Financial Times’a göre JP Morgan, 2013’te uyum ekibine 4000 çalışanı ekledi ve kontrollere 1 milyar dolar daha harcadı. Citigroup, 2014/15 döneminde uyum konusunda yaptıkları harcamayı 2 milyar dolar artırdı; HSBC, uyum ekibini 2015 yılına kadar beş yılda 2.000’den 7.000 personele genişletti.

Zaten halihazırda mevcut olan SPK ve yönetmelikler gereği, hemen hemen tüm finansal kurumlar müşteri ile yaptıkları işlemleri kaydediyorlar. Bu yeni direktifle gelenler, tüm sistemlerin köklü bir şekilde yeniden düzenlenmesi ve değiştirilmesi anlamına gelmiyor. Fakat, MiFID II ile talep edilen herhangi bir ilave yatırımın (mobil kayıt veya kaydın diğer iletişim kanallarını da kapsayacak şekilde genişletmesi gibi), yapılmasını zorunlu kılıyor.

Aslında bu genişletilmiş kapsam, finansal kurumların bilhassa saha satış ekiplerini de kapsıyor. Müşteri ile yapılacak işlemlerle ilgili mobil görüşmeler dahil kayıt altına alınıp, en 5 yıl saklanmak zorunda. Yeni direktif uyarınca; müşteri ile yapılan ve kayıt altına alınması gereken bu görüşmeler bir işlem ile ilgili olabildiği gibi bir ürün önerisi görüşmesi de olabilir.

Fakat ülkemizde bu yükümlülüğü verimli ve güvenli bir şekilde yerine getirilebilmesi için kaynak ve uzmanlık çok kısıtlı. Dahası, birçok kişi yükümlülüğün yerine getirilmesinin karmaşık ve pahalı donanım platformlarının kurulumunu gerektirdiğinden korkuyor.
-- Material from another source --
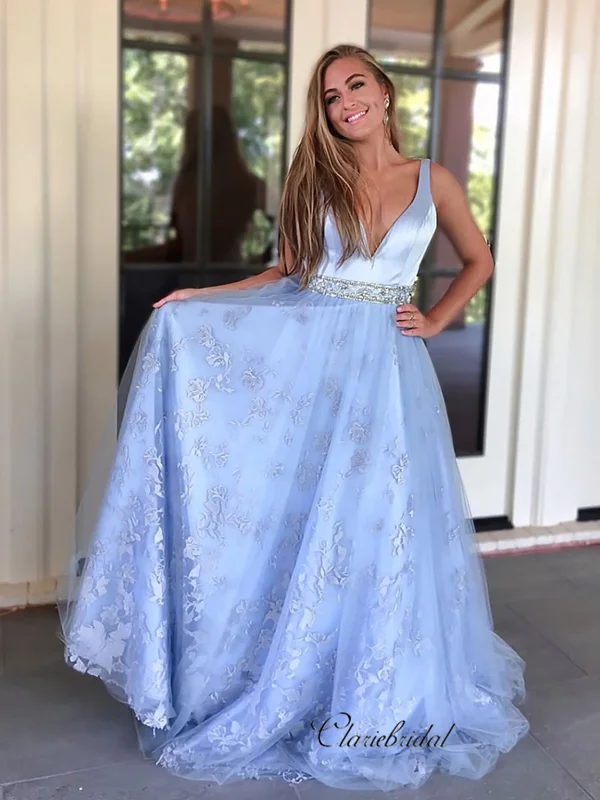 flowy prom dressesV-neck Lace Newest 2020 Prom Dresses, A-line Elegant Long Prom Dresses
Daha da kötüsü, finansal hizmetler endüstrisindeki birçok kişi, mobil telefonlarını arama yapmak ve işlem yapmak için birincil cihaz olarak kullanmaya eğilimli. Talimatlar gereği, tüm ilgili çağrıların kaydedildiğinden nasıl emin olacağız?

Bilhassa mobil iletişimin kaydı için bulut üzerinde çalışacak ve mobil operatörlerin sunacağı özel çözümlere ihtiyaç duyuluyor.

Özet olarak yeni direktifle finansal kurumlar daha geniş kapsamlı bir kayıt ve saklama çözümüne ihtiyaç duyuyorlar.

Konumlandırılması gereken sistemin gerekli özelliklerini listeler isek;

1.     Tüm finans işlemler ile ilgili ve ürün bilgisinin aktarıldığı müşteri ile yapılan tüm etkileşimlerin kaydı (Standart telefon, Mobil telefon, VOIP, Fax, Email, Chat, Web gibi tüm kanallar üzerinden )

2.     Kaydedilen tüm bu etkileşimlerin güvenli olarak min. 5 yıl süre ile saklanması.

3.     Kayıtlara kontrollü ve güvenli bir şekilde erişilebilmesi.

Özetle, 3 Ocak 2018 itibarı ile MiFID II uyumluğu çerçevesinde kayıtların bu kapsamı ile tutulması ve saklanması, finansal kurumlar için ciddiye alınması gereken büyük bir görev.